Adnoc has plans to reach net-zero operational emissions by 2045. The plans depend heavily on carbon capture, where the greenhouse gas is collected and stored instead of being released into the atmosphere, meaning the burning of oil would not need to be phased out as quickly. But the technology has not yet been scaled to meaningful levels, and the need to phase out fossil fuels is increasingly urgent.
In 2021, when Al Jaber spearheaded the bid to host COP28, the UAE again turned to GMMB. At a summit in Abu Dhabi that April with representatives from across the Middle East, Kerry allegedly urged the participating countries to support the UAE’s bid and sang the praises of the country’s efforts in sustainable development “via big communications operations organized by GMMB,” according to a report by Intelligence Online, which cited anonymous sources. The same month, Adnoc hired APCO for “strategic communications and media relations services within the United States to represent the UAE’s climate envoy,” according to FARA filings.
Al Jaber’s COP28 presidency has become emblematic of a deeper rift among those involved in international climate diplomacy. The Adnoc CEO’s supporters maintain that oil companies are a necessary partner for a successful transition to clean energy.

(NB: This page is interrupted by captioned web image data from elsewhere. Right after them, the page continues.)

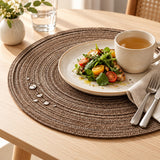 Brown woven polyester placemat catches a small spill beneath tableware on a wooden dining table.
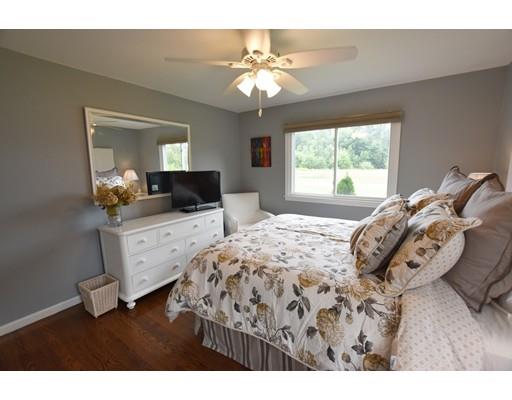 306 Bolton Road Lancaster, MA 01523 - Photo 24 of 30 a bedroom with a bed and a chandelier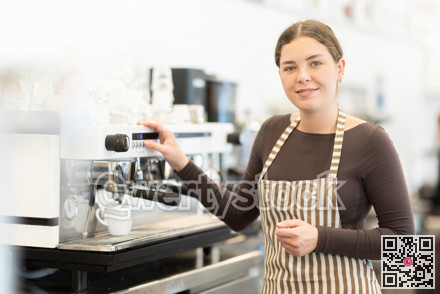 Woman barista making coffee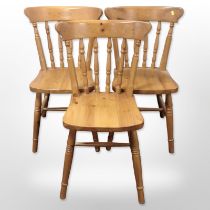 A contemporary set of six pine spindle back chairs.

But after decades of lobbying, spin, and deceit, some now question whether the fossil fuel industry can ever be an ally in the fight against the climate crisis.
Christiana Figueres, longtime executive secretary of the U.N. Framework Convention on Climate Change and architect of the Paris climate accord, has publicly revoked her support of the industry. “When I saw them making record profits in the wake of Russia’s invasion of Ukraine, I thought, ‘Terrific, now they have plenty of capital to invest in the energy transition,’” she said. “But instead, they dug in their heels and doubled down on fossil fuel growth.”

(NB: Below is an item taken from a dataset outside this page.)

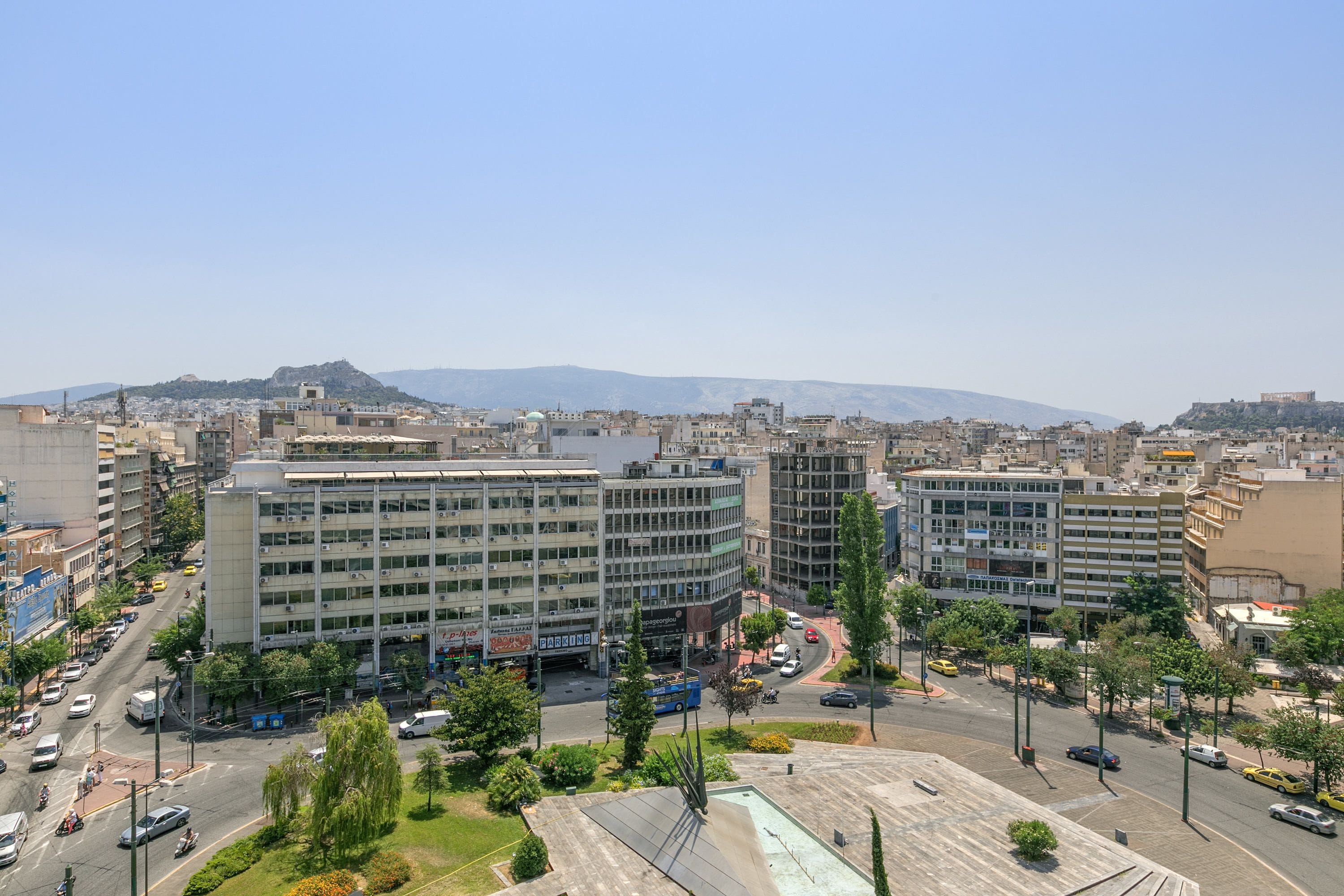 A cityscape with modern buildings, a central roundabout, and a distant mountain range.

“When companies want a seat at the table where climate policy is at stake, it’s primarily so they can control what happens,” Aronczyk, the media studies professor, said. “Having the head of an oil company presiding over COP28 represents the culmination of 30-plus years of capitulation to the power and money of the fossil fuel industry.”
To date only about 2 of the planned 6 square kilometers of Masdar City have been built. Masdar’s chief operating officer has admitted that “the plug was more or less quietly pulled” on the idea of 6 square kilometers as early as 2008, after the financial crash — before Edelman and GMMB had even begun to promote Masdar City as “the world’s most ambitious sustainable development.” Less than half of the promised $22 billion investment has been spent.

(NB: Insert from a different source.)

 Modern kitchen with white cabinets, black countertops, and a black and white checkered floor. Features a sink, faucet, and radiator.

Yet the site is still used as a shining example of the UAE’s transformation. APCO says it has facilitated visits for Ban Ki-moon, Hillary Clinton, Angela Merkel, Narendra Modi, and Joe Biden. Last year, the Atlantic Council paid for U.S. congressional aides to travel there.
Once touted by Al Jaber as “a blueprint for cities around the world striving for sustainability,” Masdar City risks becoming a ghost town. Fifteen thousand people currently work and live there, according to Robertson, the communications manager, who did not clarify how many live in the development versus commute. At best, that’s 25,000 below the goal that was announced in 2008. GE shuttered the Ecomagination Center in 2018. And while Masdar City boasts plenty of solar panels, the city’s planners say it won’t be fully renewable until construction is complete. Far from being a zero-carbon, car-free eco-utopia, Masdar City is fossil fuel-dependent and car-centric.